August 23, 2018 0 By Nazmul Khan


This month, the DC Universe digital subscription service will open a beta for its streaming branch, and next week, it’ll launch with a show called DC Daily, a news program about all things DC. The DC Universe platform is designed to be an all-encompassing home for the media company’s vast content library. When it launches this fall, it will be available on a variety of platforms, from iOS to Android, as well as home devices such as Apple TV, Amazon Fire TV, and Android TV.

In addition to a slate of original live-action and animated shows, DC Universe will also house classic DC films and television shows, as well as remastered comics, designed to be read on a television screen or tablet. At San Diego Comic-Con, DC noted that it wants to bring all its fans together under one roof. DC will hold a preview of the program on August 29th at 7:30PM ET / 4:30PM PT, hosted by filmmaker Kevin Smith, who’ll introduce fans to the program and DC Universe.
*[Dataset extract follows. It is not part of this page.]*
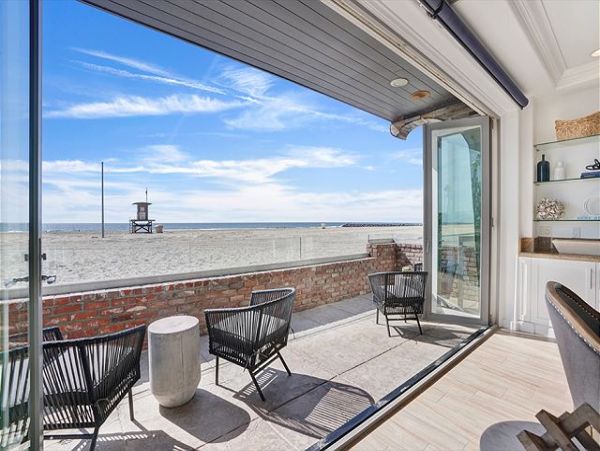 Newport Beach Home 991030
A daily news program makes a lot of sense for the platform. DC Universe will host an encyclopedia, forums, and blog entries to help foster an online community of DC fans, and this seems like it will complement those sections. According to the company, DC Daily will feature a rundown of the day’s news; an in-depth feature on a dedicated topic, like a comic book or TV show; and panel discussions about the news.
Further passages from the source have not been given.